Re: [PATCH 1/5] x86/kvm: On KVM re-enable (e.g. after suspend), update clocks
From: Radim Krcmar
Date: Thu Mar 17 2016 - 11:10:21 EST
2016-03-16 16:07-0700, Andy Lutomirski:
> On Wed, Mar 16, 2016 at 3:59 PM, Radim Krcmar <rkrcmar@xxxxxxxxxx> wrote:
>> 2016-03-16 15:15-0700, Andy Lutomirski:
>>> FWIW, if you ever intend to support ART ("always running timer")

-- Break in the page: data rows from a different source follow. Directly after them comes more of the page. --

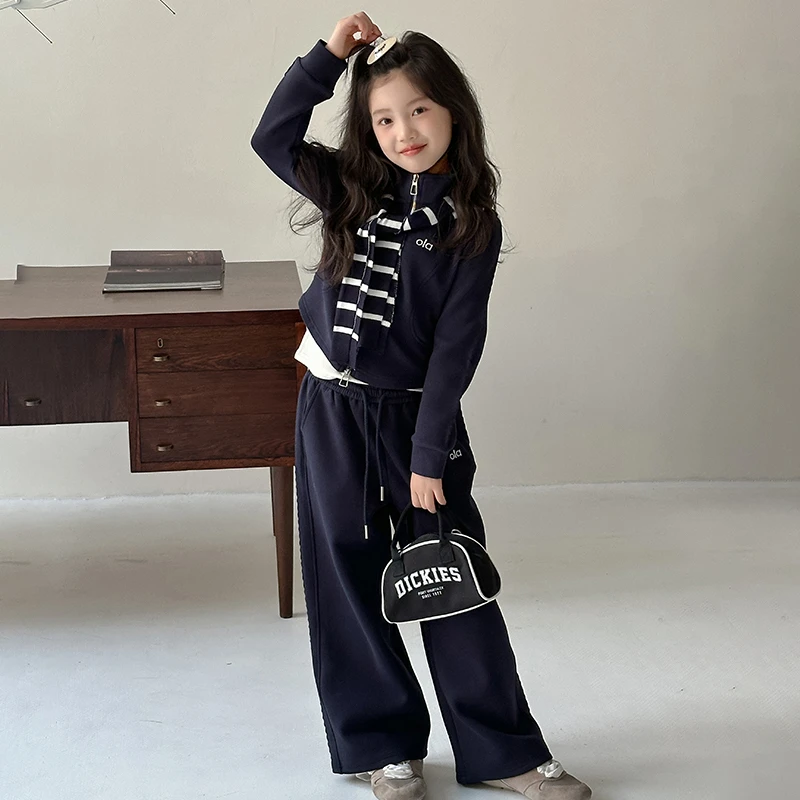 女童套装2025新款儿童洋气时髦春装女孩运动卫衣卫裤春秋两件套潮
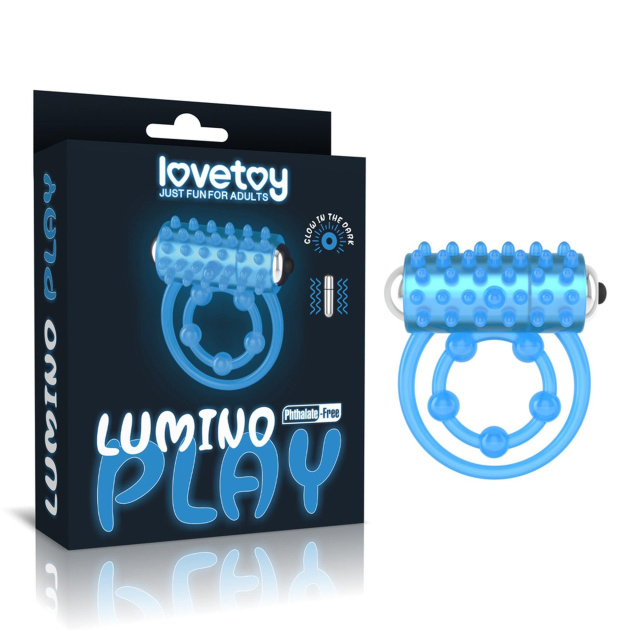 Двойное кольцо для пениса с вибрацией Lumino Play (голубой)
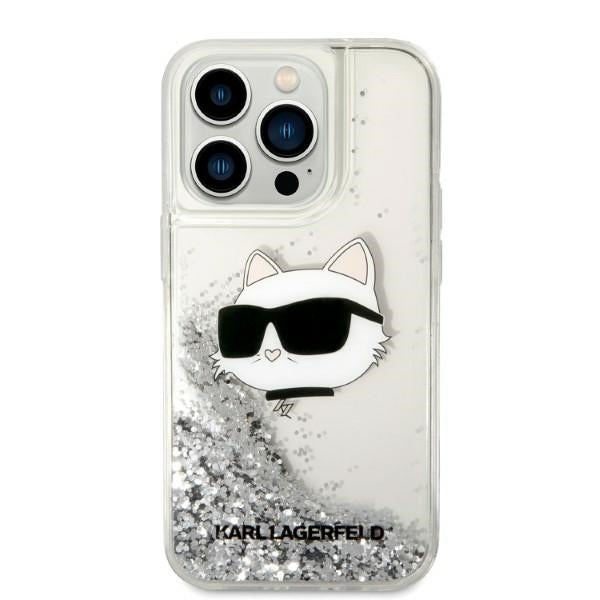 Hoes voor Apple iPhone 14 Pro, Karl Lagerfeld, Glitter Choupette's Head, Zilverkleurig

>>> passthrough, this is going to be a giant clusterfsck. Good luck. I
>>> haven't gotten a straight answer as to what hardware actually supports
>>> that thing, so even testing isn't no easy.
>>
>> Hm, AR TSC would be best handled by doing nothing ... dropping the
>> faking logic just became tempting.
ART is different from what I initially thought, it's the underlying
mechanism for invariant TSC and nothing more ... we already forbid
migrations when the guest knows about invariant TSC, so we could do the
same and let ART be virtualized. (Suspend has to be forbidden too.)
> As it stands, ART is screwed if you adjust the VMCS's tsc offset. But
Luckily, assigning real hardware can prevent migration or suspend, so we
won't need to adjust the offset during runtime. TSC is a generally
unmigratable device that just happens to live on the CPU.

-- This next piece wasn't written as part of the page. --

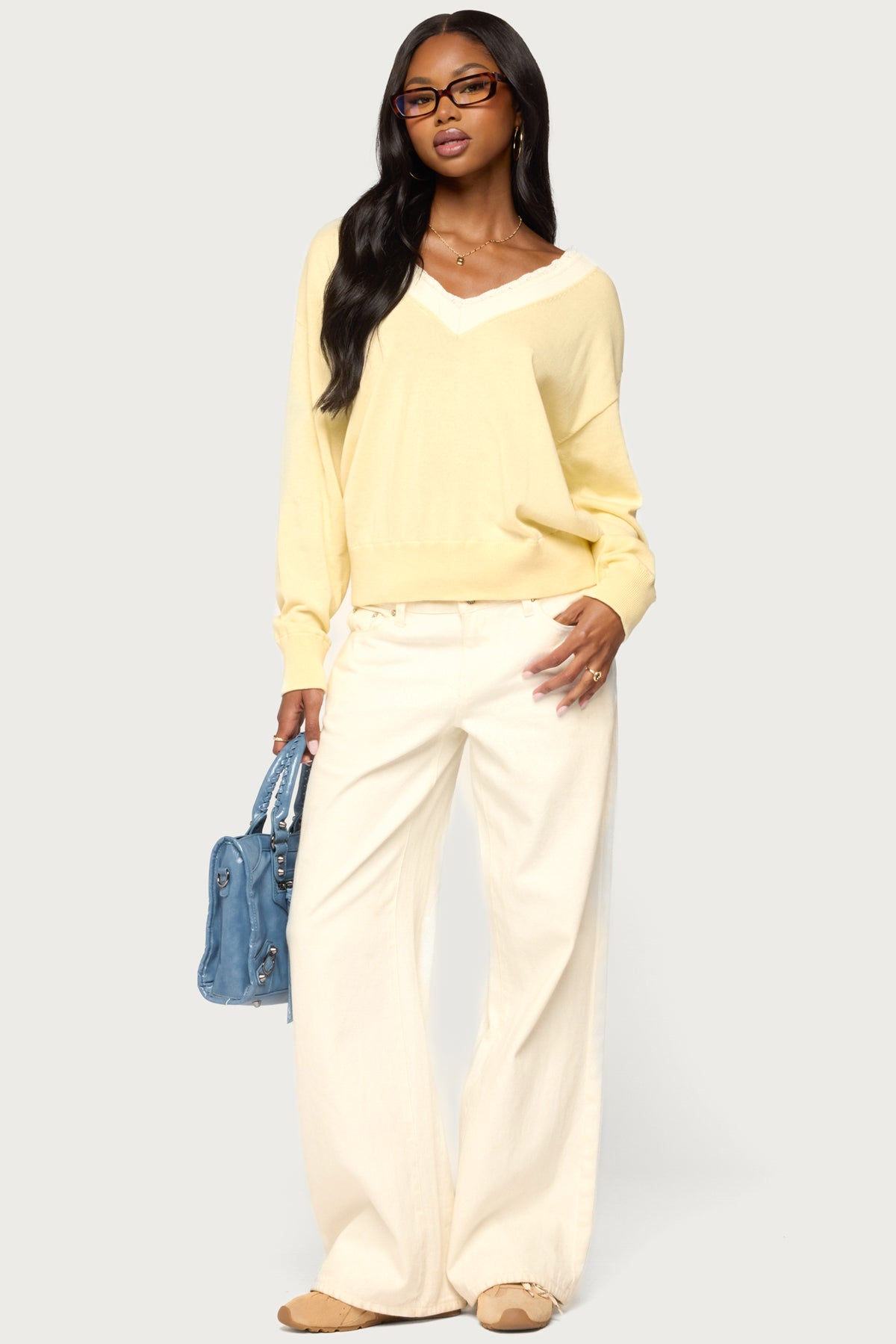 Marie Contrast Lacey V Neck Sweater - LIGHT-YELLOW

(It would have been better to hide TSC capability from the guest and only
use rdtsc for kvmclock if the guest wanted fancy features.)
> I think it's also screwed if you migrate to a machine with a different
> ratio of guest TSC ticks to host ART ticks or a different offset,
> because the host isn't going to do the rdmsr every time it tries to
> access the ART, so passing it through might require a paravirt
> mechanism no matter what.
It's almost certain that the other host will have a different offset,
which makes TSC unmigratable in software without even considering ART
or frequencies. Well, KVM already emulates different TSC frequency, so
we could emulate ART without sinking much lower. :)

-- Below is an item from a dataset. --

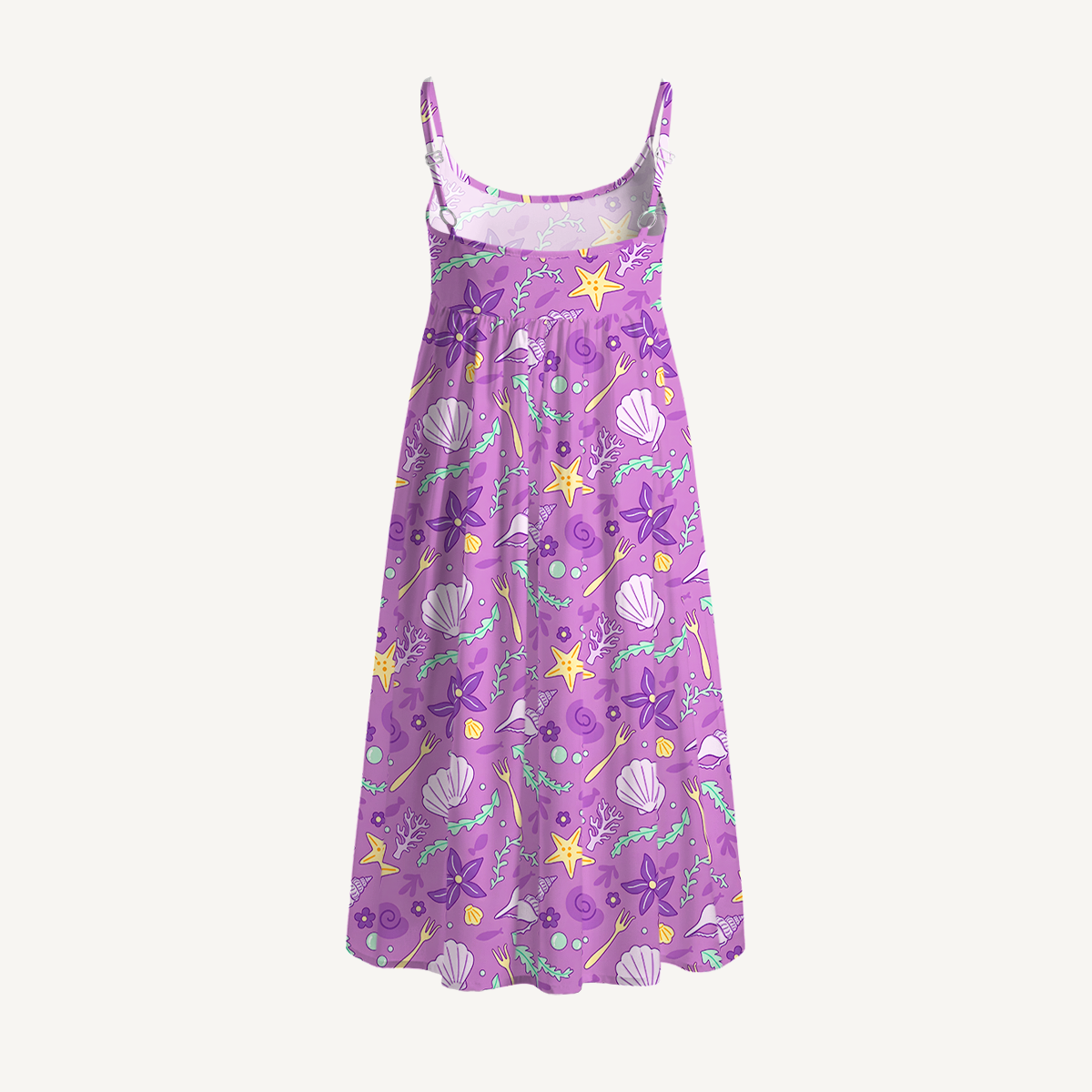 Whimsical Underwater Seashell Garden Print Mini Dress For Women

> ISTM that, if KVM tries to keep the guest TSC monotonic across
> migration, it should probably also keep it monotonic across host
> suspend/resume.
Yes, "Pausing" TSC during suspend or migration is one way of improving
the TSC estimate. If we want to emulate ART, then the estimate is
noticeably lacking, because TSC and ART are defined by a simple
equation (SDM 2015-12, 17.14.4 Invariant Time-Keeping):
TSC_Value = (ART_Value * CPUID.15H:EBX[31:0] )/ CPUID.15H:EAX[31:0] + K
where the guest thinks that CPUID and K are constant (between events
that the guest knows of), so we should give the best estimate of how
many TSC cycles have passed. (The best estimate is still lacking.)
> After all, host suspend/resume is kind of like
> migrating from the pre-suspend host to the post-resume host. Maybe it
> could even share code.
Hopefully ... host suspend/resume is driven by kernel and migration is
driven by userspace, which might complicate sharing.